Friday, June 3, 2016

The New Layout That Never Happened

(Img 1) Layout I tested with
Back in 29 May (of 2016 mind you, not 2013 as time stamped in previous post), you may have noticed that my blog had a totally different layout for a few hours that looked somewhat plain and broken. Don't worry, it wasn't hacked.

So what happened?

(Img 2) Layout I had before testing (Did I block ads on my own blog? lol)
Here's the thing. I have been to various sites and thought about how dated my blog layout  was underneath modern fonts and colour schemes that you see. The fonts used relied on the fonts you had installed, instead of HTML5's download a specified font feature, which are Gill Sans and Calibri. Both pre installed in certain operating systems, or installed alongside with other programs you installed. I can't guarantee the blog would be rendered as I saw if you don't have those fonts installed, like Arial... The point here is it's just like adding a new coat of paint to something old.

In Img 1, at where Chasing After Rainbows is, was supposed to be a logo. The problem is that I do not have one. The black bar above it, and below the story navigation menu (not visible), are links to various social media places like Facebook, Instagram, Prinstest. I do not have accounts to those (or want to publicly link to), with the odd absence of sites that I do want to link missing in the template. This is why it seemed oddly empty with only Twitter and YouTube. When you hover over Main, 日本語, and Other Blogs, a sub-menu would appear linking to other Pages of that blog and other blogs I have that cleans up the clutter the older layout had.

But here is what made me decide on changing it back. (Yes, it was meant to be a new layout, and not a testing one.)

Broken widgets

Rather blatantly obvious in Img 1 is a blank widget named DDDDDD. There was supposed to have the template's style of displaying my bio right there, but it wasn't working. The name came out of frustration of it not working and checking if I was even editing the right widget as, along with other widgets, had HTML/CSS in the name if I didn't give it any.

There is a widget that you could tab between the popular posts and the latest post, but only the most popular posts (which were all strangely from around 2008 or 2011) worked. On the other tab, it showed a totally different tab. I double checked to make sure it wasn't a widget beneath it. I could not find the widget that showed my latest post anywhere else.

Editing blog settings


I don't like editing the blog settings, or creating new widgets to add their custom code that contains ID specific code, just to make the new template work. Don't remember what I changed, but one setting was to hide the date at the top, and enable the bottom. Looking for the date there is just not my thing. If viewing the blog's pages, there would just be an awkward / (forward slash) by itself at the bottom.

What I did not do when reverting to the old layout was not re-enabling that row of icons to social media sites. I found it unnecessary. Also, removed Ask.fm because I've been getting too many sexual and privacy-invasive questions that I just refuse to answer, and chose not to reveal themselves when I disallowed people asking me questions anonymously.
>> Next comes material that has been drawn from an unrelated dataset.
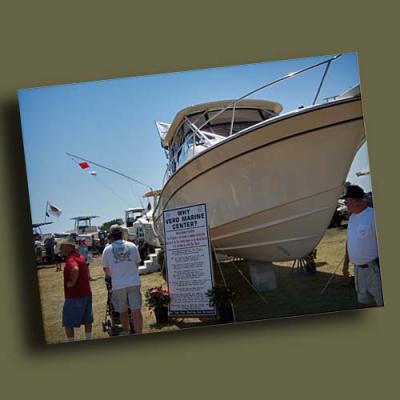 g3/93/44993/3/58046384.0060boatshow.jpg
Template is not optimized for my content


Regular visitors would notice that my blog is text-heavy. However, the template I used was designed for posts that includes photos, plus text of length that are shorter than my typical posts.

From the main page, you would see a short snippet of what I write before being prompted to click on a link to view more, a feature I have actually used before, but abandoning it because I got lazy it was troublesome to implement. The amount of text you could see before it got cut off was just too short. Shade of grey used was too light to read comfortably for long periods.


With so many things compromised from how it was supposed to be that resulted in an uncomfortably bright colour scheme, and making my blog looking very empty, I just can't accept it as the new layout.